Personal information
- Full name: Soné Masué Kallé
- Date of birth: 5 December 1982 (age 43)
- Place of birth: Limbe, Cameroon
- Height: 1.65 m (5 ft 5 in)
- Position: Striker

Team information
- Current team: Kuala Lumpur FA

Youth career
- –1997: Victoria United Limbé
- 1997–2002: Vitesse Arnhem

Senior career*
- Years: Team / Apps / (Gls)
- 2002–2004: Vitesse Arnhem / 12 / (3)
- 2004–2006: Hapoel Nazareth Illit F.C. / 3 / (1)
- 2006: Unirea Urziceni / 6 / (0)
- 2007: FCM Campina / 17 / (7)
- 2007–2011: CS Otopeni / 63 / (30)
- 2012: Sarawak FA / 1 / (1)
- 2013: Kuala Lumpur FA / 9 / (3)
- 2015: Kuala Lumpur FA / 12 / (4)
- 2018: Fort Worth Vaqueros FC / 7 / (1)
- Total:  / 130 / (50)

= Kallé Soné =

Cameroonian footballer

Soné Masué Kallé (born 5 December 1982), commonly known as Kallé Soné, is a Cameroonian former footballer.

== Career ==
He started his career at Victoria United Limbé before he was spotted at a youth tournament in France with the Cameroonian youth squad by Jan Streuer who brought him alongside Job Komol and Émile Mbamba in the Vitesse Arnhem youth-academy in the Netherlands in 1997. In 2004, he left the team and moved to Israeli club Hapoel Nazareth Illit F.C.
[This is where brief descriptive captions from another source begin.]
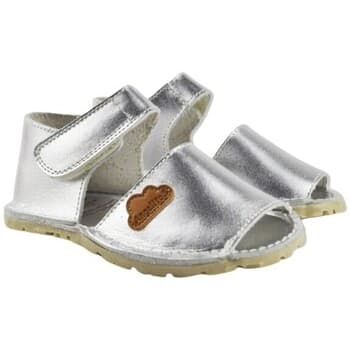 Women's Ballet Flats Angelitos Silver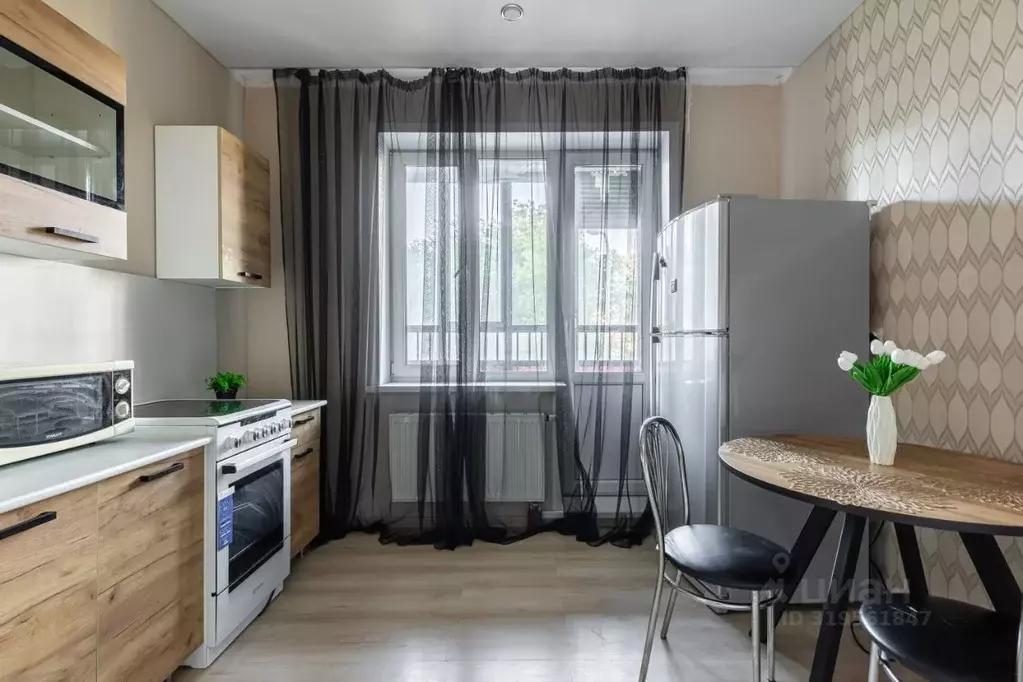 1-к кв. Татарстан, Казань ул. Аделя Кутуя, 110Дк3 (40.0 м) - Фото 1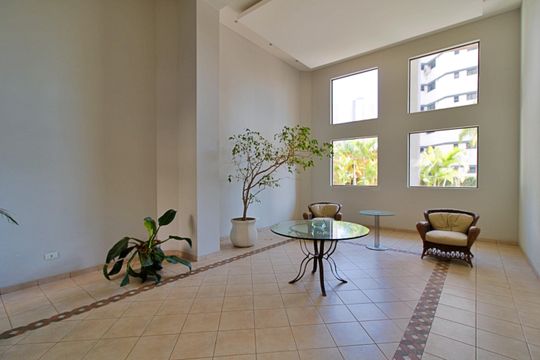 Área comum de apartamento à venda com 1 quarto, 67m² em Vila Andrade, São Paulo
He played 2 years in Israel before signing a contract in Romania with Unirea Urziceni. Barely after 6 months precisely in January 2007, he left Unirea and moved to FCM Campina. He played 6 months for FCM Câmpina before moving to CS Otopeni in July 2007.

In 2011, he was signed by the Malaysian side club Sarawak FA alongside fellow countrymen, Guy Bwele for the 2012 Malaysia Super League Campaign with a fee almost €31.4 million. However, due to an injury he sustained, Kallé only managed to play a game and scored a goal with Sarawak and later was released by Sarawak FA. He was replaced by Croatian striker, Vedran Muratović.

In 2018 he signed for Texas-based side Fort Worth Vaqueros FC in the National Premier Soccer League.